▶ _Activity_:
Look below for the line that has "2022 Toyota RAV4 Hybrid XLE". Set down the lines from there through the line that has "Blissfulellie OnlyFans Leaked", exactly as written.

▶ _Data section_:
╭──
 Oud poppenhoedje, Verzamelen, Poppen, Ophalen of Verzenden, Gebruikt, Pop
╰──
╭──
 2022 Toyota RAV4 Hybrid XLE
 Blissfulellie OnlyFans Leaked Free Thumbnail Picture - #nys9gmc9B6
╰──
╭──
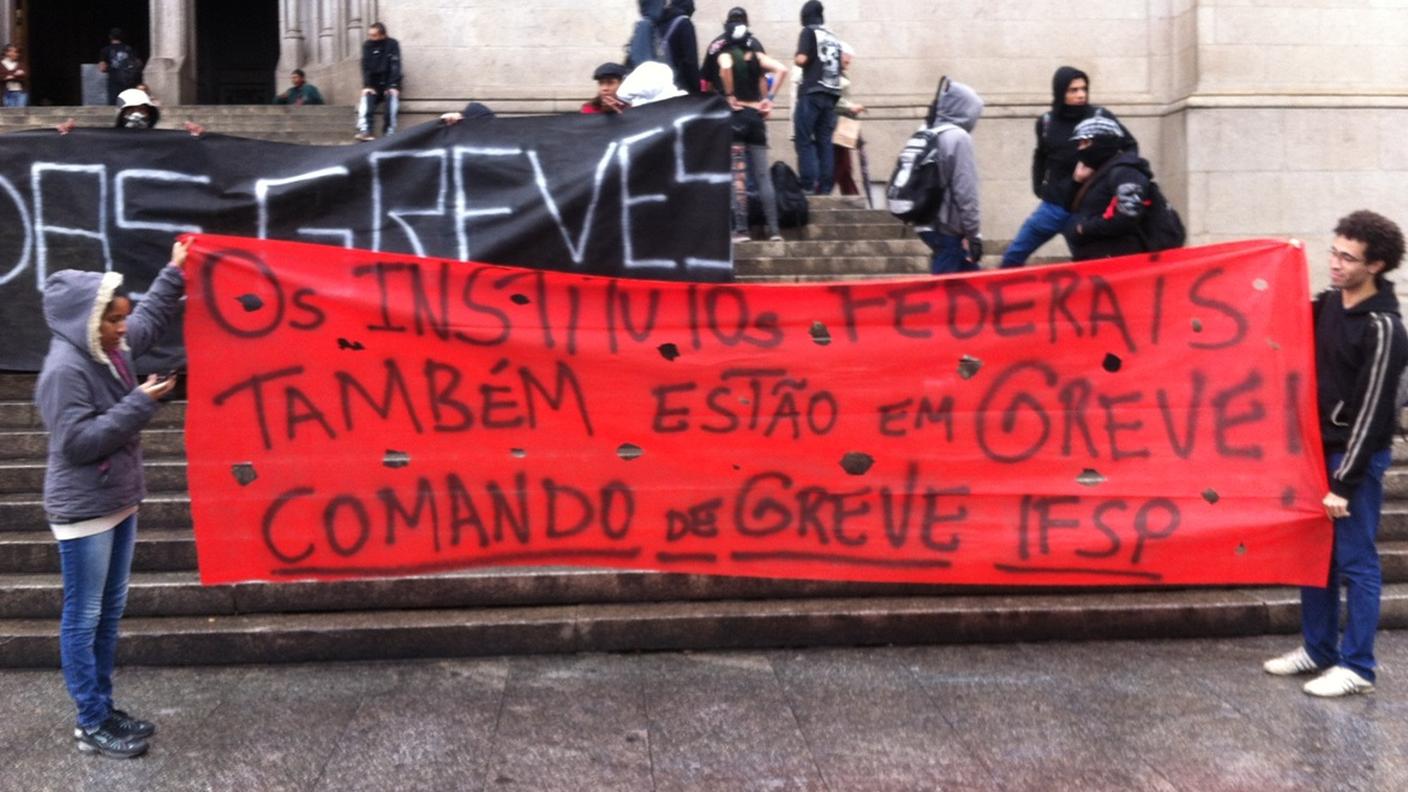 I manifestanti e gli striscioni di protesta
╰──
▶ _Answer space_:
 2022 Toyota RAV4 Hybrid XLE
 Blissfulellie OnlyFans Leaked Free Thumbnail Picture - #nys9gmc9B6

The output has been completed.